As successful invasions of India generally came through Afghanistan, the British had observed and sometimes intervened there since the 1830s, hoping to keep the Russians out. In 1878 the Russians sent a mission to Kabul; it was not rejected by the Afghans, as the British had hoped. The British proposed to send their own mission, insisting that the Russians be sent away. The Viceroy of India Lord Lytton concealed his plans to issue this ultimatum from Disraeli, and when the Prime Minister insisted he take no action, went ahead anyway. When the Afghans made no answer, Lord Cranbrook as Secretary of State for War, ordered the advance against them in the Second Anglo-Afghan War. Under Lord Roberts, the British easily defeated them and installed a new ruler, leaving a mission and garrison in Kabul.

British policy in South Africa was to encourage federation between the British-run Cape Colony and Natal, and the Boer republics, the Transvaal (annexed by Britain in 1877) and the Orange Free State. The governor of Cape Colony, Sir Bartle Frere, believing that the federation could not be accomplished until the native tribes acknowledged British rule, made demands on the Zulu and their king, Cetewayo, which they were certain to reject. As Zulu troops could not marry until they had washed their spears in blood, they were eager for combat. Frere did not send word to the cabinet of what he had done until the ultimatum was about to expire. Disraeli and the cabinet reluctantly backed him, and in early January 1879 resolved to send reinforcements. Before they could arrive, on 22 January, a Zulu impi (army), moving with great speed and endurance, destroyed a British encampment in South Africa in the Battle of Isandlwana. Over a thousand British and colonial troops were killed. Word of the defeat did not reach London until 12 February. Disraeli wrote the next day, "the terrible disaster has shaken me to the centre". He reprimanded Frere, but left him in charge, attracting fire from all sides. Disraeli sent General Sir Garnet Wolseley as High Commissioner and Commander in Chief, and Cetewayo and the Zulus were crushed at the Battle of Ulundi on 4 July 1879.

On 8 September 1879 Sir Louis Cavagnari, in charge of the mission in Kabul, was killed with his entire staff by rebelling Afghan soldiers.
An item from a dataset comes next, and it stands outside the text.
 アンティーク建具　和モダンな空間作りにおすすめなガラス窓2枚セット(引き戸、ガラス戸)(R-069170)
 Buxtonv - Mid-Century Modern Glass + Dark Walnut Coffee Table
Roberts undertook a successful punitive expedition against the Afghans over the next six weeks.

===1880 election===

In December 1878, Gladstone was offered the Liberal nomination for Edinburghshire, a constituency popularly known as Midlothian. The small Scottish electorate was dominated by two noblemen, the Conservative Duke of Buccleuch and the Liberal Earl of Rosebery. The Earl, a friend of both Disraeli and Gladstone who would succeed the latter after his final term as prime minister, had journeyed to the United States to view politics there, and was convinced that aspects of American electioneering techniques could be translated to Britain. On his advice, Gladstone accepted the offer in January 1879, and later that year began his Midlothian campaign, speaking not only in Edinburgh, but across Britain, attacking Disraeli, to huge crowds.
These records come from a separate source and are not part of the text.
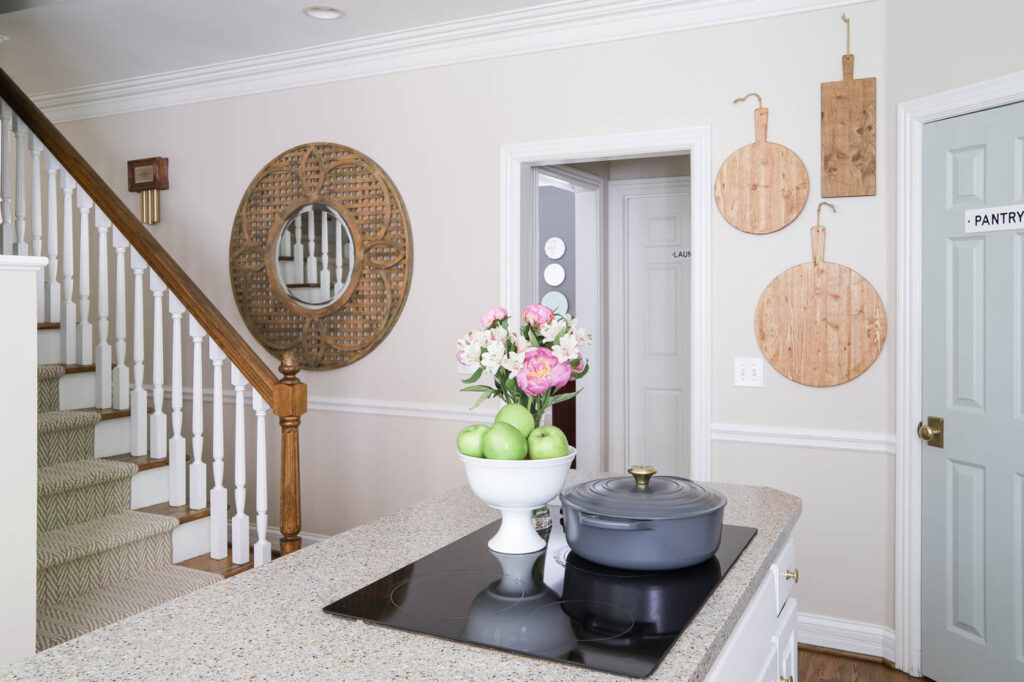 Pajama stairs leading into the kitchen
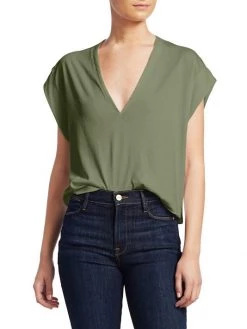 Frame Le High Rise V-Neck Tee Blanc -Frame Sales Store unnamed file 1628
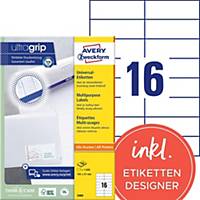 Étiquettes Avery Zweckform ultragrip 3484, 105x37 mm, blanc, paq. 1600 unités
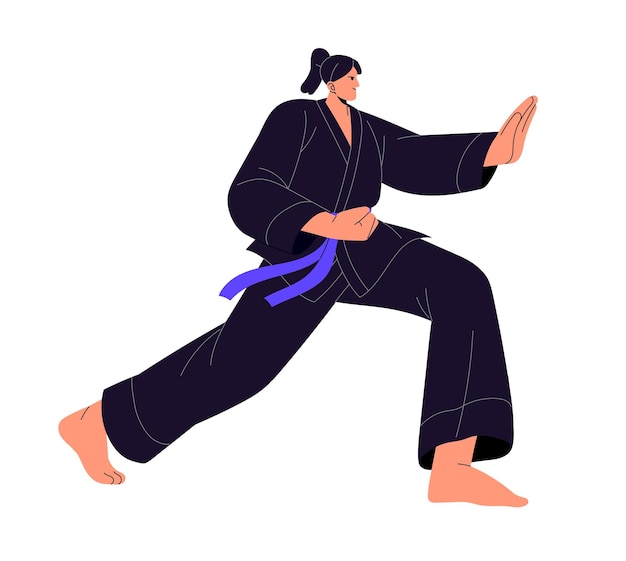 Artes marciales japonesas y chinas Mujer joven hace entrenamiento deportivo Deportista profesional practica karate judo kung fu Niña en postura de lucha Ilustración vectorial aislada plana sobre fondo blanco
Conservative chances of re-election were damaged by the poor weather, and consequent effects on agriculture. Four consecutive wet summers through 1879 had led to poor harvests. In the past, the farmer had the consolation of higher prices at such times, but with bumper crops cheaply transported from the United States, grain prices remained low. Other European nations, faced with similar circumstances, opted for protection, and Disraeli was urged to reinstitute the Corn Laws. He declined, stating that he regarded the matter as settled. Protection would have been highly unpopular among the newly enfranchised urban working classes, as it would raise their cost of living. Amid an economic slump generally, the Conservatives lost support among farmers.
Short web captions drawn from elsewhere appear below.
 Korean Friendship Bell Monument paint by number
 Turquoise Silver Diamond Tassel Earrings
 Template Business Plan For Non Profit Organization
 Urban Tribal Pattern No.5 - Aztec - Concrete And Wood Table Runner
Disraeli's health continued to fail through 1879. Owing to his infirmities, Disraeli was 45 minutes late for the Lord Mayor's Dinner at the Guildhall in November, at which it is customary that the Prime Minister speaks. Though many commented on how healthy he looked, it took him great effort to appear so, and when he told the audience he expected to speak to the dinner again the following year, attendees chuckled. Gladstone was then in the midst of his campaign. Despite his public confidence, Disraeli recognised that the Conservatives would probably lose the next election and was already contemplating his Resignation Honours.

Despite this pessimism, Conservatives' hopes were buoyed in early 1880 with successes in by-elections the Liberals had expected to win, concluding with victory in Southwark, normally a Liberal stronghold. The cabinet had resolved to wait before dissolving Parliament; in early March they reconsidered, agreeing to go to the country as soon as possible. Parliament was dissolved on 24 March; the first borough constituencies began voting a week later.

Disraeli took no public part in the electioneering, it being deemed improper for peers to make speeches to influence Commons elections. This meant that the chief Conservatives—Disraeli, Salisbury, and India Secretary Lord Cranbrook—would not be heard from. The election was thought likely to be close. Once returns began to be announced, it became clear that the Conservatives were decisively beaten. The final result gave the Liberals an absolute majority of about 50. (Note: Party labels being less precise in the nineteenth century than latterly, accounts vary of the number of seats won. Of the 652 Commons seats, Blake gives the distribution as 353 (Liberals), 238 (Conservatives) and 61 (Home Rulers); Bradford gives the figures as 353, 237 and 62; Aldous gives 347, 240 and 65.)

==Final months, death, and memorials==
Disraeli refused to cast blame for the defeat, which he understood was likely to be final for him. He wrote to Lady Bradford that it was just as much work to end a government as to form one, without any of the fun. Queen Victoria was bitter at his departure. Among the honours he arranged before resigning as prime minister on 21 April 1880 was one for his private secretary, Montagu Corry, who became Baron Rowton.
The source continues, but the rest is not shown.